• **Dataset excerpt**:
============================================================

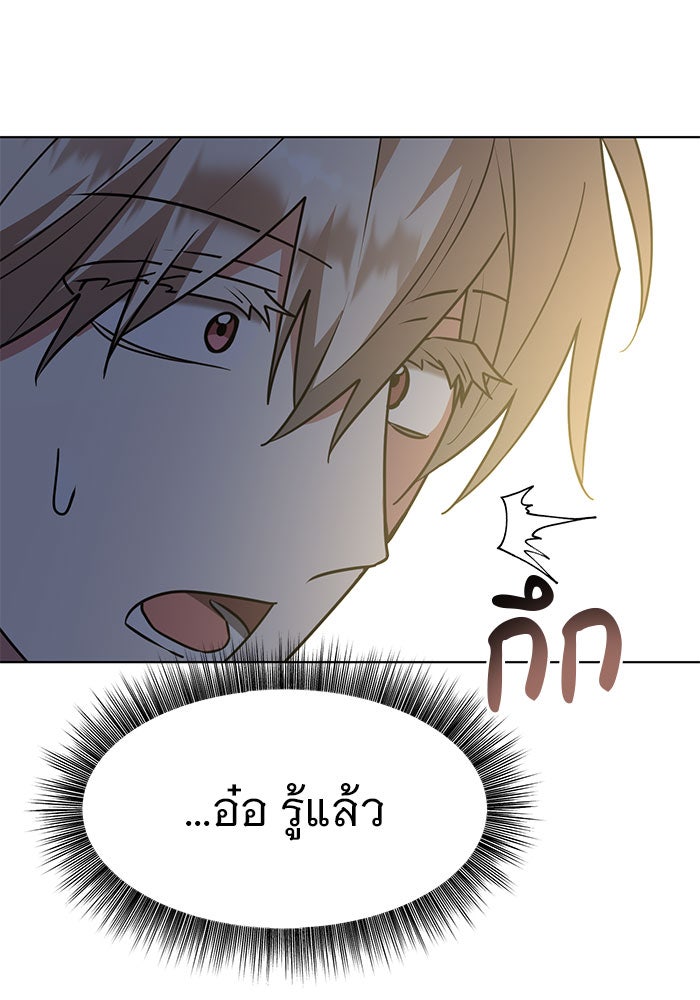 อะคาเดมีนี้เห็นทีจะเจ๊ง - หน้า 79
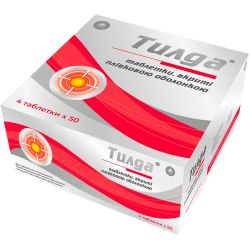 Тилда таблетки №200 в аптеке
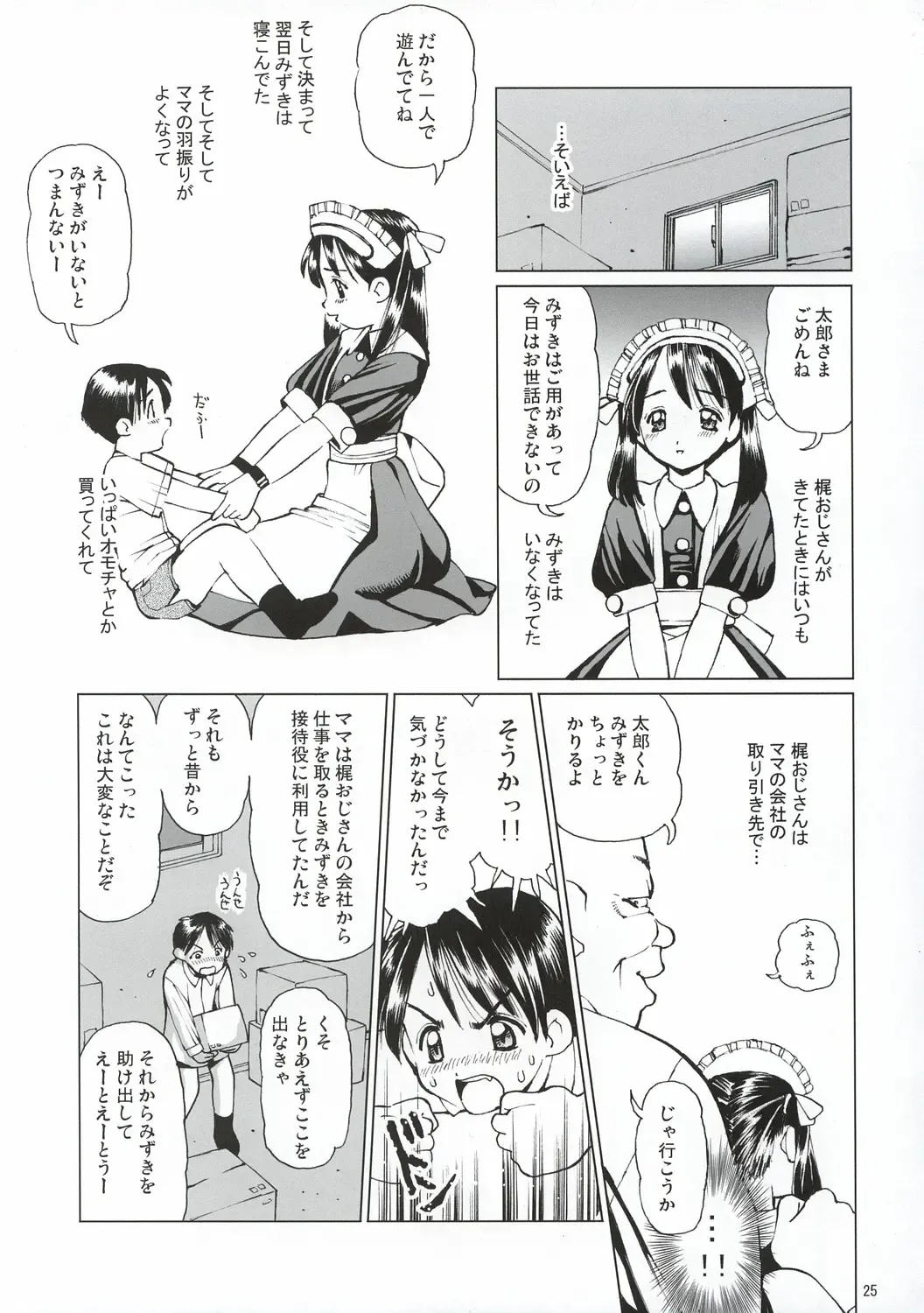 [Inono] Ecchi na Maid-san 2 -Ryoujokuhen- Fhentai - Page 26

============================================================

Go to the line containing "Тилда таблетки №200 в аптеке", then write out word for word every line from there to the end of the listing. Keep both end lines and drop the pictures.

• **Exercise result**:
 Тилда таблетки №200 в аптеке
 [Inono] Ecchi na Maid-san 2 -Ryoujokuhen- Fhentai - Page 26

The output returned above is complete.